TOP SECRET Motor Control
by Darren Ashby

Lately I’ve been a lot of talk and no app (happens to the best engineers when they go PHM¹). So, I thought I should get back to my engineering roots a little. I recently discovered a need for a precise motor control, one that could set a specific level as well as modulate the output. I thought, hey, this would make a great little project. Something fun that would stretch my design muscles.

Before I go further, I must let you know that this device is TOP SECRET. I cannot reveal its purpose. You may guess all you want, but don’t ask me to tell you 'cause I won’t. If you wonder why I can’t tell you, remember a little hype never hurt anyone.

The device I have in mind sounded like a great application of the Atmel Tiny15, a really neat little chip with a lot of bang for your buck. I figured some of you out there might have your own secret use for it. You can get the tiny programmer, the STK100, at Digikey if they have any in. Last I checked, there were 0 in stock. The programmer is cheap enough for a poor man like me to own. I guess you’ll have to ask your local rep, or try going to Atmel for a sample. I got some from Thorsen Rocky Mountain in SLC.

The Skinny on The Tiny

First of all, it has an internal oscillator, no need to find room for, or deal with, a crystal. It maximizes the output pins too—nice when all you have are 8 pins.

It also has a PWM output, perfect for DC brush motor control. And lest you think it a wimp, the PWM supports up to 150-Khz PWM frequency, not bad for an internal oscillator!

Now top it off with not one or two, but FOUR, ADC inputs including a differential input to the ADC. If that isn’t enough, you can have a comparator too, if you care for one when you already have a 10-bit ADC.

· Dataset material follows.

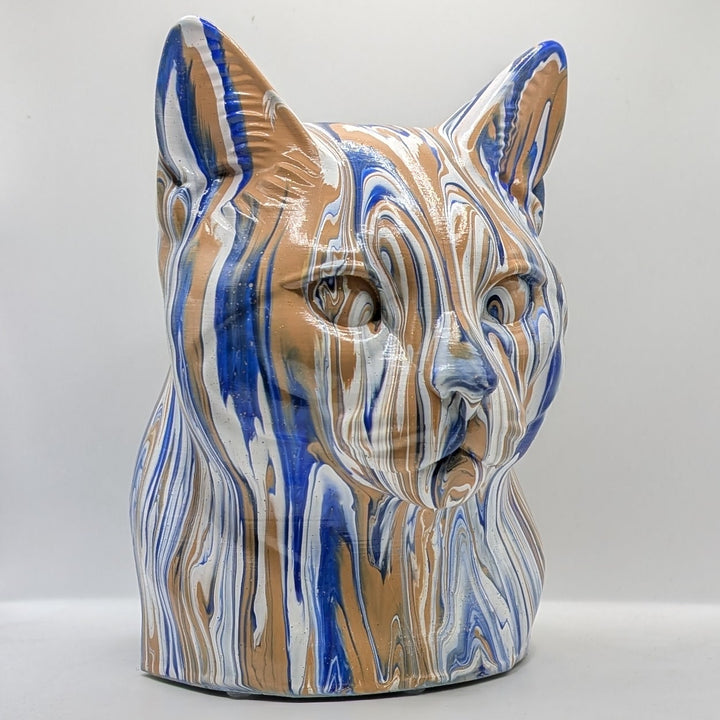 European Shorthair Head – Hand Painted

Oh, by the way, did I tell you that any of the inputs could be basic I/O too? Talk about your multiple configurations!

And yet one more thing, the program memory is flash, so your prototype involves just one chip till you're done. Gone are the days of, "Oops, I shouldn’t have burned that code!" When you start hooking up bigger motors you also discover that it is nice not risking your computer by hooking your emulator up to a motor. It’s even in-circuit programmable.

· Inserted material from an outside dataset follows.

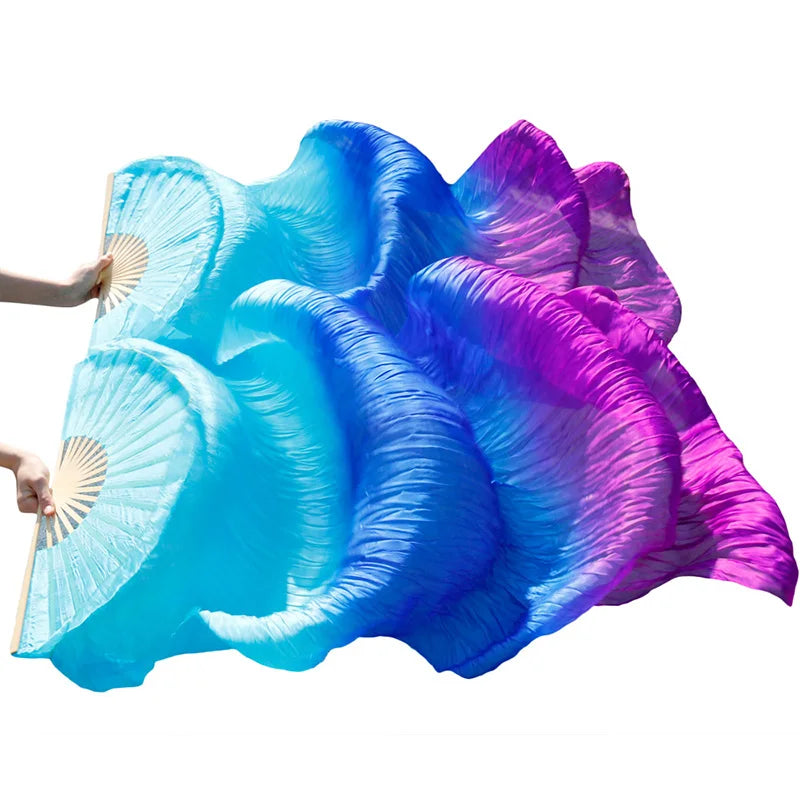 Belly Dance Fan 100% Real Silk Veils 1pc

To sum it up, I’d say it’s kinda like an op-amp with some brains. Maybe it’s the "Bob Pease" in me, but you’ll realize how great a compliment that is if you read some of my op-amp articles. I tell you, the specs on this chip rock! The first time I saw it, I thought this would be perfect for a motor control. Its only detriment is that it has 6 pins of I/O, but that’s the hazards of such a small package. Besides, you can configure the various pins depending on the function you require. How many times have you had a control project where you thought, If I had just a tiny (no pun intended²) little micro here, it could handle all this work for me without going to the trouble of a bunch of circuit design or redesign?"

Back to the Project

As I said, I wanted a digital motor control that I could increment in small discrete steps, and would output the desired voltage and even add a little modulation.

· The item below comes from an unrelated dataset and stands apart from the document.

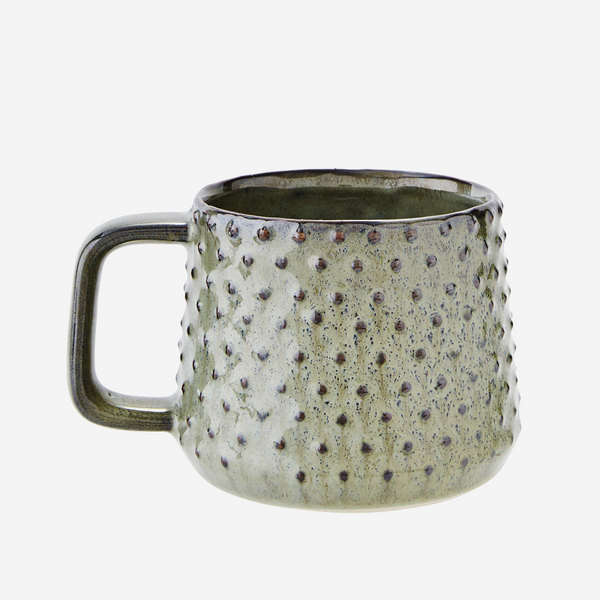 Stoneware Mug w/ Dots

The output was easy. I tied a transistor to the PWM output. Now I could handle the motor I wanted to turn. The inputs took a little more thought though. Here is the heart of the control.

Figure 1: Device Control Schematic

First I thought I might take advantage of the differential ADC inputs to monitor the voltage across the motor. On a DC brush motor, controlling the voltage is important, as the speed is directly proportional to the voltage applied³. As the motor is loaded, the voltage across the motor will change (depending on the output impedance of your device); however, in this case the load does not vary much. So I figured I could save the pins and use them for something else.

I wanted to do a couple of modulation schemes on the output of my tiny little control, including steady state, sine wave, pulse, saw tooth, and a few other treats. But one thing they all have in common is a need to vary the output voltage as well, at a given modulation frequency. So I figure I'll need at least two controls and a mode button. "Hey" I thought, "here is a perfect chance to use those ADC inputs." I’ll just hook up a pot for each control. But I rejected that option. I could do the whole project with some op-amp and a bunch of resistors if that were the case. And I did this project to understand the Tiny 15, so I ought to use its capabilities a little better. Besides, I wanted precise digital control, and you get that with buttons.

I/O Mapping

I started by mapping some of the desired traits of my design; it should be battery powered. (Needs a sleep mode so I don’t have to remember to turn it off.) I should have a user interface that is easy and intuitive without need for a complex display. So I settle on one LED output, to indicate operating mode (everyone is doing a 1 LED display these days!) 1 switch to change mode, 2 switches to change base voltage up or down, and 2 switches to change modulation frequency up or down.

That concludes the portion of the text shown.